İzmir’de ormanlar, tarım arazileri, mera alanları; Rüzgâr Enerji Santralleri (RES), Güneş Enerji Santralleri (GES) ve maden sahaları ile talan ediliyor. Çevre, Şehircilik ve İklim Değişikliği Bakanlığı’nın Çevresel Etki Değerlendirmesi, İzin ve Denetim Genel Müdürlüğü’nün verilerine göre, geçtiğimiz yıl İzmir’de 595 farklı proje için ÇED süreci başladı. Bunlardan 53’ü RES, 110’u GES ve 88’i maden sahası projesi oldu.
Yenigün’den Sıla Arabacıoğlu’nun haberine göre Ocak 2022-Ocak 2023 tarihleri arasında 478 farklı proje için ÇED süreci başlarken Ocak 2023-Ocak 2024 tarihlerinde sayı 595’e yükseldi. 595 projenin 179’una ‘ÇED Gerekli Değil’ kararı verildi. Öte yandan 53 RES projesine 6 ‘ÇED Olumlu’ kararı verilirken 110 GES projesinin 7’sine ‘ÇED Olumlu’ 22’sine ‘ÇED Gerekli Değil’ kararı verildi. Maden sahalarındaki 88 projenin 3’üne ‘ÇED Olumlu’ 17’sine ‘ÇED Gerekli Değil’ kararı çıktı. 1-20 Ocak 2024 tarihlerini kapsayan 33 başvurunun 11’i maden sahaları 1’i RES ve 5’i GES için oldu.
Aliağa ve Bergama öne çıktı
Geçtiğimiz yıl ÇED sürecinin başlaması için bakanlığa en çok Aliağa’dan başvuruldu. 88 ÇED başvurusu yapılan Aliağa’yı 79 başvuru ile Bergama, 57 başvuru ile Torbalı takip etti. İlk üçe giren ilçeler arasında maden sahaları için en çok Bergama’dan başvuruldu. Bergama’daki 88 başvurunun 22’si maden 42’si enerji oldu.

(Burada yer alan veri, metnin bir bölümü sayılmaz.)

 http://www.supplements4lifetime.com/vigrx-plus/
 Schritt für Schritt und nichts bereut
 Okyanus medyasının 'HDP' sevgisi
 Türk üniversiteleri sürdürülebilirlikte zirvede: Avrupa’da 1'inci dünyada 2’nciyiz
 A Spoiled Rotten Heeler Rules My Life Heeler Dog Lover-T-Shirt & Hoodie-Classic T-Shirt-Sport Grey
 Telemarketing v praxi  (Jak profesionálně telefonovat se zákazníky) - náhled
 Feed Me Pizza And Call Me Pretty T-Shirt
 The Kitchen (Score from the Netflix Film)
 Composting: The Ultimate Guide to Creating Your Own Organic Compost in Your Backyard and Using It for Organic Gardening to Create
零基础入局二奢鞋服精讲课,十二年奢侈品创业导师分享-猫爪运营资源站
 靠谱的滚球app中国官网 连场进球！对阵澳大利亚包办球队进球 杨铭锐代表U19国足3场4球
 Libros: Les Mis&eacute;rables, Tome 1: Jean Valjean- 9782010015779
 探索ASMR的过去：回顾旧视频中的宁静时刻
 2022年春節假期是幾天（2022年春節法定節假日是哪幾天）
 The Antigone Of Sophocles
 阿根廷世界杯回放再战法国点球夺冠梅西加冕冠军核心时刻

Ege Çevre Platformu (EGEÇEP) Sözcüsü Süleyman Eryılmaz, İzmir’in talan edildiğini söyleyerek, “Sadece İzmir’e değil Türkiye’deki her bir ile baksak da durum farklı olmayacaktır. Rakamlar, ekokırımı gösteriyor yani yağma ve talanı. Yaklaşık 20 yıldır, sermaye doğayı rant kaynağı haline getirdi. Artık doğayı talan ederek para kazanmak hedeflendi. Doğa yok olurken içerisinde var olan canlı cansız bütün varlıkları yok ediliyor. Bu kadar çok yağma insanlığın da sonunu getirecek. Bergama özelinde de büyük kütleli taşlar aslında Kozak Yaylası’nın su varlığı deposu. Onları alarak bölgedeki doğayı da yok ediyorlar” dedi.
“Bu ülkenin geleceğini karartıyorlar”
Bergama Çevre Platformu Sözcüsü Erol Engel, “Özellikle son yıllarda siyasi iktidarın ekonomik olarak ülkeyi çıkmaza sokmasıyla, başarısızlıkları onları yüzlerini doğaya çevirmesini sağladı. Yüzlerini doğaya çevirip, ‘Nasıl ekonomiye kaynak aktarırız?’ noktasında düşünmeye başladılar. Türkiye’de ciddi bir talan varken İzmir ve benim bölgem olan Bergama da bundan ciddi nasibini aldı. Her gün yeni yeni talan haberi alıyoruz. Örneğin Kozak Yaylası’nda gün geçmiyor ki yeni taş ocakları açılmasın… Türkiye’de şirketlerin tamamı gözünü Bergama’ya, Kozak’a dikti. Ciddi bir ekokırım suçu işleniyor. Bu Avrupa ülkelerinde yasalara girdi ama burada… Elbette bunun hesabı bir gün sorulacak ama bir hayli geç olacak. Bu ülkenin geleceğini karartıyorlar” diye konuştu.